2016年

2月

23日

ワシントンDC 2016年2月23日特大号

◇大統領選の決め手にならない

アイオワ州党員集会

 

三輪 裕範

(伊藤忠インターナショナル会社ワシントン事務所長)

 

 全米50州の先陣を切って、大統領候補を選ぶアイオワ州の党員集会が2月1日、ニューハプシャー州の予備選挙が2月9日に行われ、大統領選はいよいよ本格化してきた。

アイオワ州党員集会で共和党はクルーズ上院議員が勝利

Bloomberg

 これから11月8日の本選挙までの9カ月間、候補者の指名獲得、そして本選挙での最終勝利を目指して、民主共和両党の候補者間で熾烈(しれつ)な闘いが続くことになる。

 アイオワ党員集会とニューハンプシャー予備選挙は、米大統領選の本格的な到来を告げるものとして知られる。ただし、1972年の大統領選までは、アイオワ党員集会ではなく、ニューハンプシャー予備選挙が全米一早い選挙だった。そうした事情があるため、今は両州がワンセットになって、大統領選スタートの象徴的な存在に位置づけられている。

 しかし、一方は党員集会、もう一方は予備選挙と呼ばれているように、運営方式や投票参加資格など、両者の内実は大きく異なる。具体的には、アイオワ党員集会の場合は、両党の党員として事前登録した人だけが参加でき、しかも長時間にわたる討論に参加しなければならない。

 他方、ニューハンプシャー予備選は、事前登録をしない無所属の人でも、投票当日に登録して投票することができる。つまり、アイオワ党員集会に参加して投票する人は、ニューハンプシャー予備選に比べると、登録した政党に対して、はるかに強い思いを持った支持者が多いのだ。

 共和党のアイオワ党員集会には、もう一つ大きな特徴がある。それは、「エバンジェリカルズ」と呼ばれるキリスト教右派が、参加者の57%(2012年)と過半数を占めることだ。

 

 ◇超保守派が有利

 

 アイオワ党員集会には、こうした特殊要因があるため、その後の候補者指名争いの行方を必ずしも正確に占うものにはなっていない。それは過去2回の共和党アイオワ党員集会の結果を見ても明らかだ。

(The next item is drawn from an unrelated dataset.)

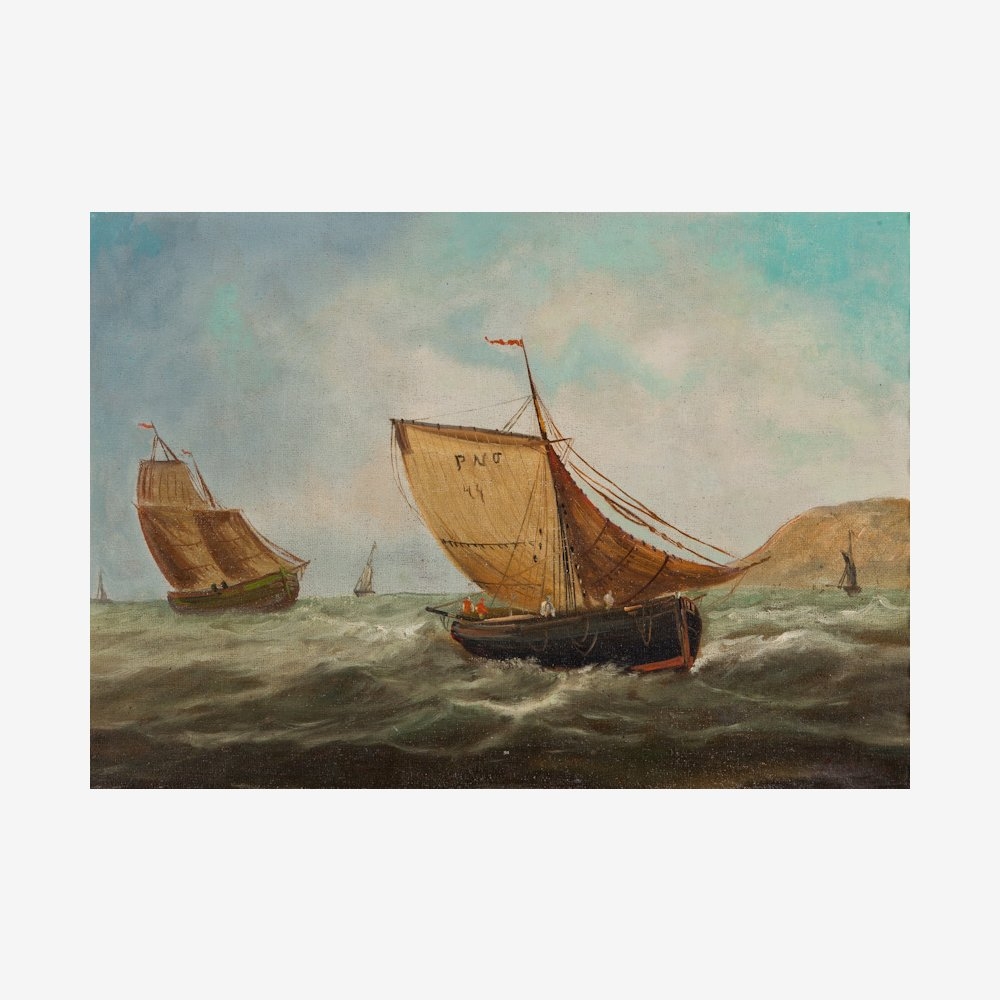 Artwork by A. Musch, Küstensegler, Made of canvas mounted on wood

 08年の共和党党員集会では前アーカンソー州知事のマイク・ハッカビーが、そして、12年の同集会ではペンシルベニア州選出の前上院議員リック・サントラムが、それぞれ勝利した。だが両者とも、アイオワでの勝利がその後のモメンタム(勢い)に結びつかず、途中で失速している。両者はキリスト教右派に近い超保守派であることが、「エバンジェリカルズ」が多数を占めるアイオワの共和党党員集会で有利に働いた。だが、アイオワのような特殊な政治状況にない他州の予備選では、そうした効果が得られなかったのだ。

 もっとも、だからといって、アイオワ党員集会が重要ではないということではない。08年の民主党党員集会では、事前の予想を覆し、オバマがアイオワでヒラリー・クリントンを破ったことが、大統領選全体のダイナミクスを変化させ、その後、オバマの民主党候補指名獲得、大統領当選へとつながっていった。76年の民主党党員集会でも、当時、全国的には無名の存在だったジミー・カーターがアイオワで2位に入る健闘を見せ一躍有力候補となり、大統領への道が開けた。

 しかし、前記の通り、アイオワの共和党党員集会は、全米50州の中でも極めて特殊であり、ここで勝ったからといって、それが候補者指名獲得に直接結びつくわけではない。

80年以降、共和党のアイオワ党員集会で勝利した候補が、どれぐらいの確率で最終的に大統領候補になったか調べてみたところ、何と6人に2人と3分の1の確率でしかないのだ。特に、トランプやクルーズのように型破りな候補者がいる今回の共和党の場合、今後の行方はなおさら不透明。まさに本当の勝負は、これから始まることになる。